In the meantime the Mercury was coming on its own lane from the opposite direction. Bernardo, instead of slowing down
or stopping altogether behind the carretela until that lane was clear, veered to the left in order to pass. As he did so the
curved end of his car's right rear bumper caught the forward rim of the rig's left wheel, wrenching it off and carrying it
along as the car skidded obliquely to the other lane, where it collided with the oncoming vehicle. On his part Caedo had
seen the Cadillac on its own lane; he slackened his speed, judged the distances in relation to the carretela and concluded
that the Cadillac would wait behind. Bernardo, however, decided to take a gamble beat the Mercury to the point where
it would be in line with the carretela, or else squeeze in between them in any case. It was a risky maneuver either way,
and the risk should have been quite obvious. Or, since the car was moving at from 30 to 35 miles per hour (or 25 miles
according to Yu Khe Thai) it was already too late to apply the brakes when Bernardo saw the carretela only eight meters
in front of him, and so he had to swerve to the left in spite of the presence of the oncoming car on the opposite lane.
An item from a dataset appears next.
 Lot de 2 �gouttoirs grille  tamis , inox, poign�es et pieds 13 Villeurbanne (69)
As it
was, the clearance Bernardo gave for his car's right side was insufficient. Its rear bumper, as already stated, caught the
wheel of the carretela and wrenched it loose. Caedo, confronted with the unexpected situation, tried to avoid the collision
at the last moment by going farther to the right, but was unsuccessful. The photographs taken at the scene show that the
right wheels of his car were on the unpaved shoulder of the road at the moment of impact.
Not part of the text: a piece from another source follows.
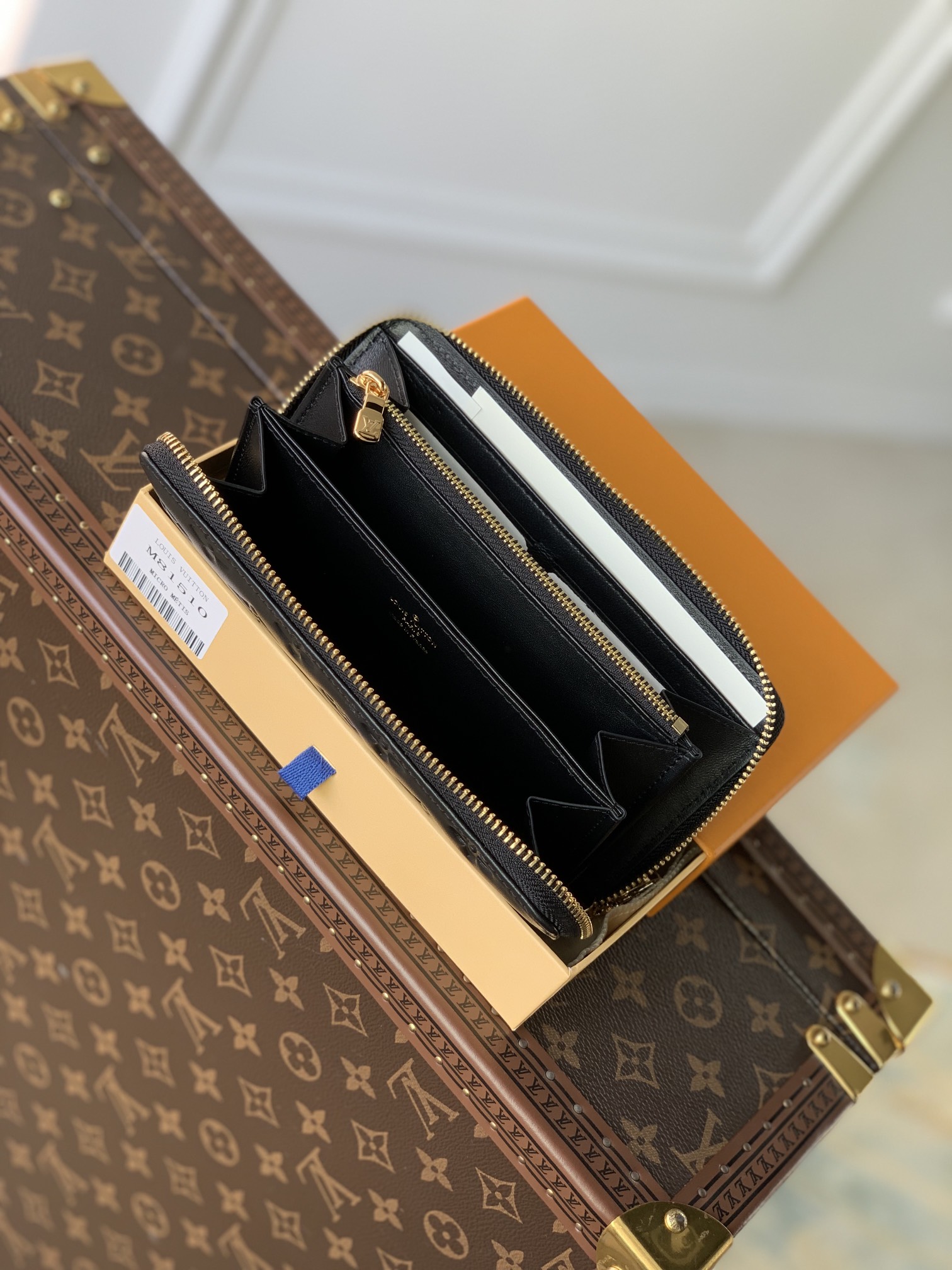 l**is V*t*n zippy wallet m81763-19.5 10.5 2.5cm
There is no doubt at all that the collision was directly traceable to Rafael Bernardo's negligence and that he must be held
liable for the damages suffered by the plaintiffs. The next question is whether or not Yu Khe Thai, as owner of the
Cadillac, is solidarily liable with the driver. The applicable law is Article 2184 of the Civil Code, which reads:

ART. 2184. In motor vehicle mishaps, the owner is solidarily liable with his driver, if the former, who was in the
vehicle, could have, by the use of due diligence, prevented the misfortune. It is disputably presumed that a driver
was negligent, if he had been found guilty of reckless driving or violating traffic regulations at least twice within the
next preceding two months.

Under the foregoing provision, if the causative factor was the driver's negligence, the owner of the vehicle who was
present is likewise held liable if he could have prevented the mishap by the exercise of due diligence. The rule is not new,
although formulated as law for the first time in the new Civil Code. It was expressed in Chapman vs. Underwood (1914),
27 Phil. 374, where this Court held:

... The same rule applies where the owner is present, unless the negligent acts of the driver are continued for
such a length of time as to give the owner a reasonable opportunity to observe them and to direct his driver to
desist therefrom. An owner who sits in his automobile, or other vehicle, and permits his driver to continue in a
violation of the law by the performance of negligent acts, after he has had a reasonable opportunity to observe
them and to direct that the driver cease therefrom, becomes himself responsible for such acts. The owner of an
automobile who permits his chauffeur to drive up the Escolta, for example, at a speed of 60 miles an hour, without
any effort to stop him, although he has had a reasonable opportunity to do so, becomes himself responsible, both
criminally and civilly, for the results produced by the acts of the chauffeur. On the other hand, if the driver, by a
sudden act of negligence, and without the owner having a reasonable opportunity to prevent the act or its
continuance, injures a person or violates the criminal law, the owner of the automobile, although present therein
at the time the act was committed, is not responsible, either civilly or criminally, therefor. The act complained of
must be continued in the presence of the owner for such a length of time that the owner, by his acquiescence,
makes his driver act his own.

The basis of the master's liability in civil law is not respondent superior but rather the relationship of paterfamilias. The
theory is that ultimately the negligence of the servant, if known to the master and susceptible of timely correction by him,
reflects his own negligence if he fails to correct it in order to prevent injury or damage.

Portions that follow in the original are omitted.